Gli uccelli rilasciati appartengono alla sottospecie di struzzo comune (una delle due specie oggi viventi di struzzo, l'altra è S. molybdophanes) conosciuta come struzzo nordafricano o struzzo berbero (Struthio camelus camelus), tra l'altro in serio pericolo di estinzione in Nord Africa. Oggi questa sottospecie è infatti classificata come "In pericolo critico" dalla IUCN e in natura ne sopravvivono meno di mille individui, distribuiti in piccole popolazioni frammentate nella regione africana del Sahel.
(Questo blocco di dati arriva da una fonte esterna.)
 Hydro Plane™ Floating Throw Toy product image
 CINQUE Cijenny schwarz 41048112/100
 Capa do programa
Il loro ritorno in Arabia Saudita è parte di un progetto di più ampio respiro chiamato Rewild Arabia, una delle iniziative di "rewilding" – ovvero di rinaturalizzazione e ripristino degli ecosistemi – più ambiziose di tutto il Medio Oriente. L'obiettivo è infatti ripristinare oltre 24.500 chilometri quadrati di habitat, distribuiti in 15 ecosistemi diversi, e ripopolare o reintrodurre 23 specie minacciate o localmente estinte, come appunto gli struzzi.
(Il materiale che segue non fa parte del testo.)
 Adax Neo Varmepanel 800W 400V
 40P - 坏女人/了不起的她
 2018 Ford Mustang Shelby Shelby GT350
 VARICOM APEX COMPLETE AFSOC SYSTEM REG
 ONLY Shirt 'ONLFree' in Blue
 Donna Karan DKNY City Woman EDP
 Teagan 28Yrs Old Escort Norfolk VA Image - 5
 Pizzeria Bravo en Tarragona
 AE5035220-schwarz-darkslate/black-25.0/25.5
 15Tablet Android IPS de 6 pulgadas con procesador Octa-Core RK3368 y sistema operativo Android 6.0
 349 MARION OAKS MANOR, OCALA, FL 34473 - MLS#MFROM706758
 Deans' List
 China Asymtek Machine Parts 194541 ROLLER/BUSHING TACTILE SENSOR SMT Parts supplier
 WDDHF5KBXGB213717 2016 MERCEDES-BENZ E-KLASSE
Gli struzzi nordafricani sono stati infatti scelti come "sostituti ecologici" dello struzzo d'Arabia (Struthio camelus syriacus), una sottospecie oggi estinta e che un tempo viveva in tutta la Penisola Arabica e nel Medio Oriente. Lo struzzo d'Arabia era leggermente più piccolo di quello nordafricano e si è estinto in Arabia Saudita probabilmente già negli anni 30, principalmente a causa della caccia intensiva, che ha reso impossibile per un animale così grosso e visibile sopravvivere negli ambienti aperti. L'ultimo individuo noto fu abbattuto nel 1941 in Bahrein.
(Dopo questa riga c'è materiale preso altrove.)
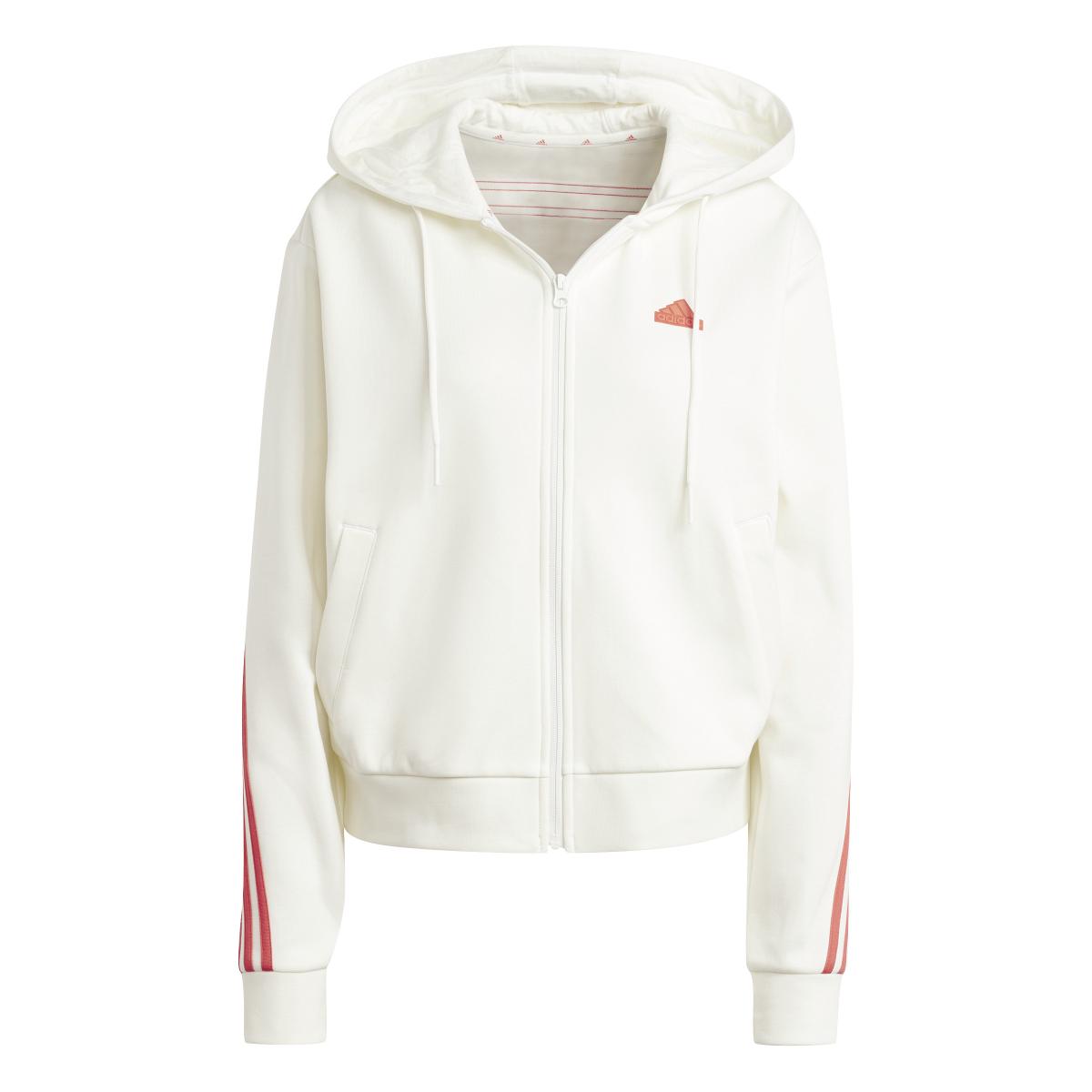 product/a/d/adidas_is3679_1_apparel_photography_front_view_white.jpg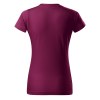 T-shirt Femme Malfini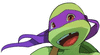 slynaxx
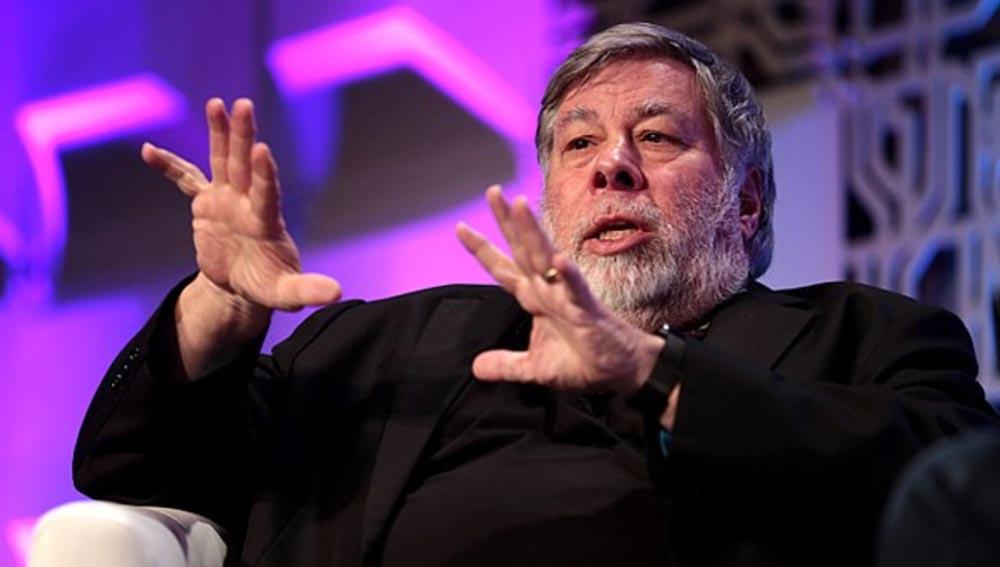 Inteligencia-artificial-Steve-Wozniak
Dal punto di vista genetico ed ecologico, lo struzzo nordafricano è però il parente vivente più vicino a quello arabo e svolge un ruolo ecologico essenzialmente simile. Questi grossi uccelli non volatori, infatti, contribuiscono a tenere sotto controllo la vegetazione e disperdono i semi attraverso le loro feci, favorendo così la rigenerazione delle piante. In questo modo aiutano a mantenere in salute e più funzionali gli ecosistemi desertici e la biodiversità.

Il rilascio dei primi cinque struzzi rappresenta quindi un passaggio chiave verso la creazione di una popolazione fondatrice, da cui potrebbero nascere futuri programmi nazionali di allevamento e ulteriori reintroduzioni. A guidare il progetto non sono però solo i dati scientifici, ma anche le tracce del passato. Scoperte archeologiche e antiche incisioni rupestri – i cosiddetti petroglifi – mostrano chiaramente struzzi in branco e scene di caccia, confermando quanto questi animali fossero un tempo molto comuni nella regione e culturalmente rilevanti.
Quella dello struzzo è inoltre la dodicesima reintroduzione effettuata nella riserva. Prima di lui sono tornati tra gli altri specie come l'orice d'Arabia (Oryx leucoryx) estinto in natura negli anni 70, l'onagro o emione persiano (Equus hemionus onager), la gazzella delle sabbie (Gazella marica) e quella di montagna (Gazella gazella). Tutti tasselli di una strategia di rewilding di lungo periodo che mira a ricostruire ecosistemi funzionanti e resilienti.